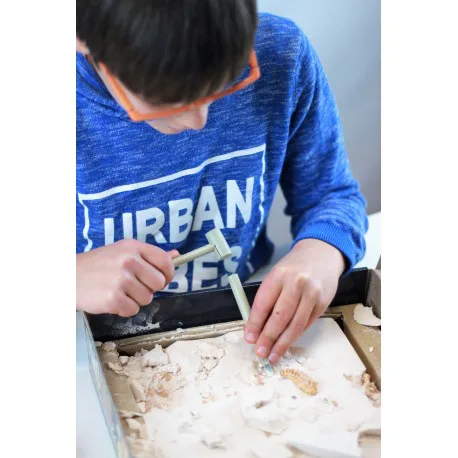 Игрален комплект, Buki France, Тиранозавър Рекс и Велоцираптор - Image 5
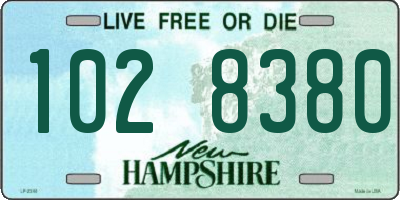 NH license plate 1028380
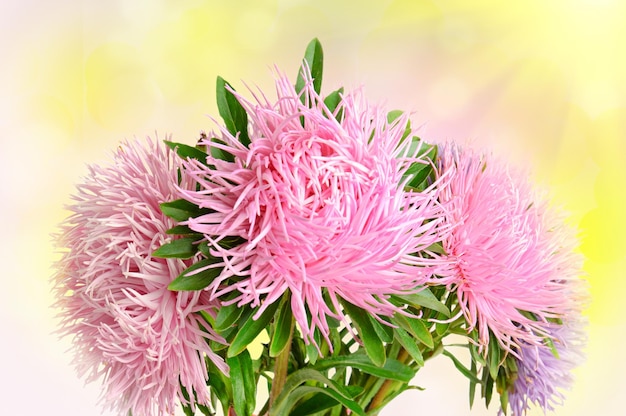 Boquet de flores de aster otoñal en el fondo colorido bokeh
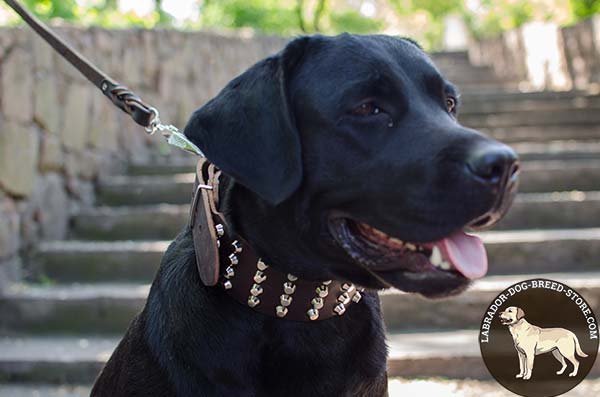 Labrador brown leather collar with durable quick release buckle for quality control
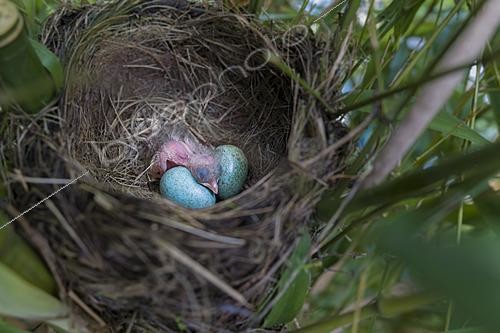 Biosphoto | 2622099 | Merle Noir (Turdus merula), oisillon et oeufs au nid dans un jardin, Oise, France | &copy; Tonino De Marco / Biosphoto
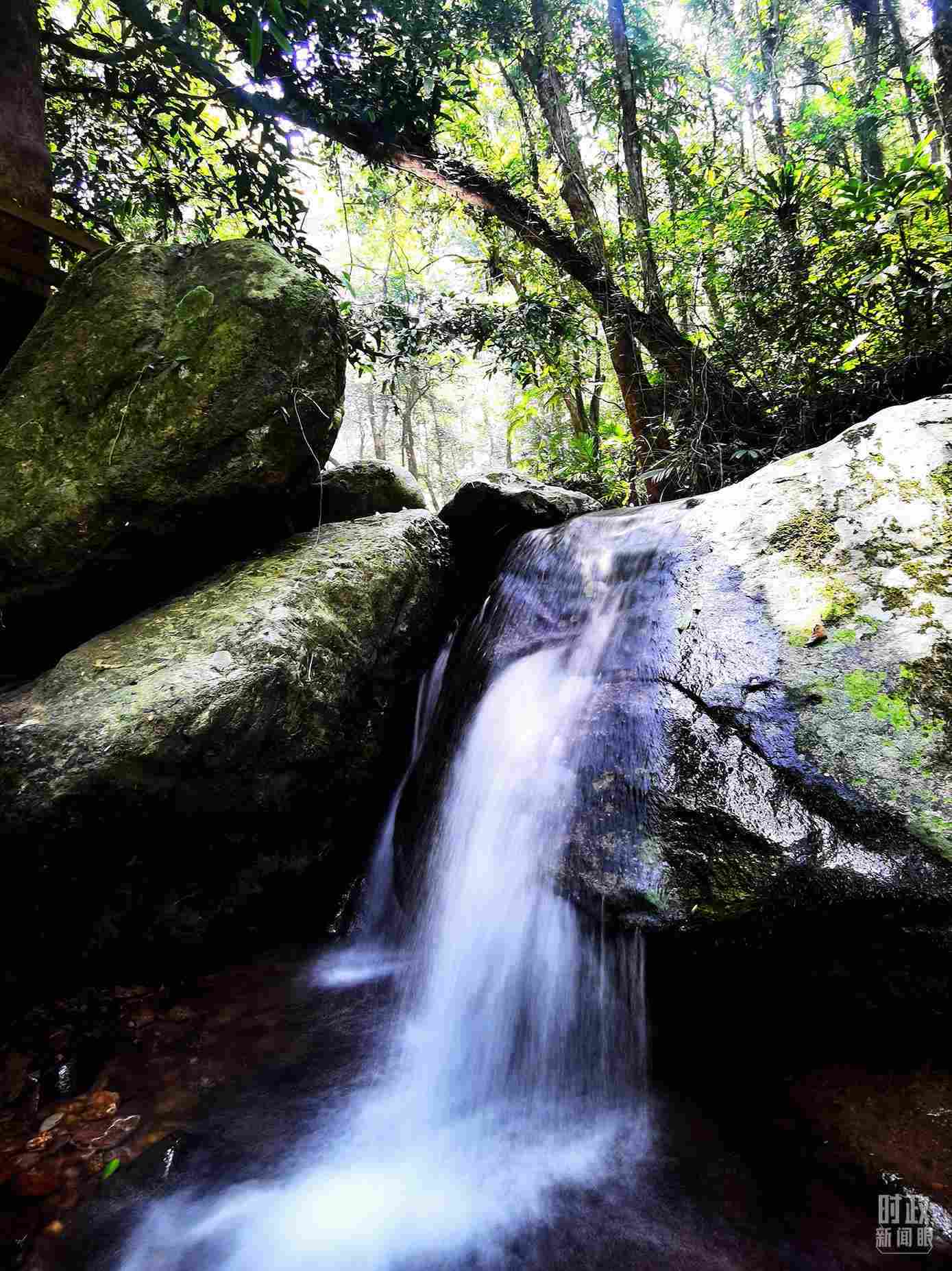 海南五指山。（總臺(tái)央視記者劉琦拍攝）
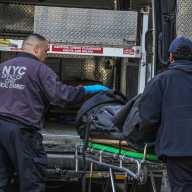 Bronx murder-suicide: Retired Port Authority cop shot sister dead and wounded mother before taking own life, sources say 13 Police wheel out body of victim in Bronx murder-suicide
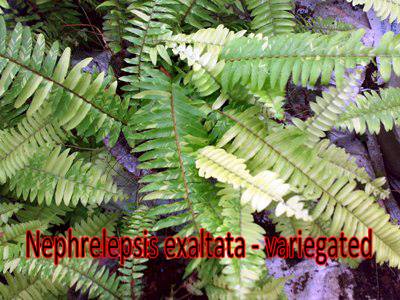 Nephrelepsis-exaltata-variegated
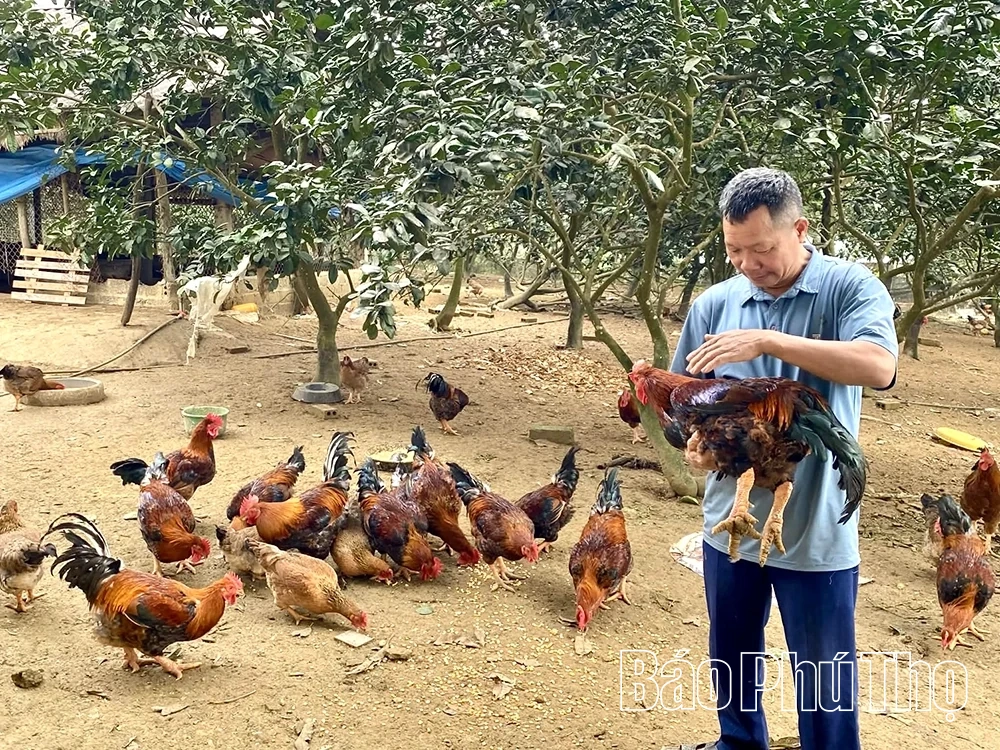 Pollo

··········

* _EXERCISE GOAL_
From the first line to the last, return the material above exactly, apart from the pictures.

* _WRITTEN RESPONSE_
 Игрален комплект, Buki France, Тиранозавър Рекс и Велоцираптор - Image 5
 NH license plate 1028380
 Boquet de flores de aster otoñal en el fondo colorido bokeh
 Labrador brown leather collar with durable quick release buckle for quality control
 Biosphoto | 2622099 | Merle Noir (Turdus merula), oisillon et oeufs au nid dans un jardin, Oise, France | &copy; Tonino De Marco / Biosphoto
 海南五指山。（總臺(tái)央視記者劉琦拍攝）
 Bronx murder-suicide: Retired Port Authority cop shot sister dead and wounded mother before taking own life, sources say 13 Police wheel out body of victim in Bronx murder-suicide
 Nephrelepsis-exaltata-variegated
 Pollo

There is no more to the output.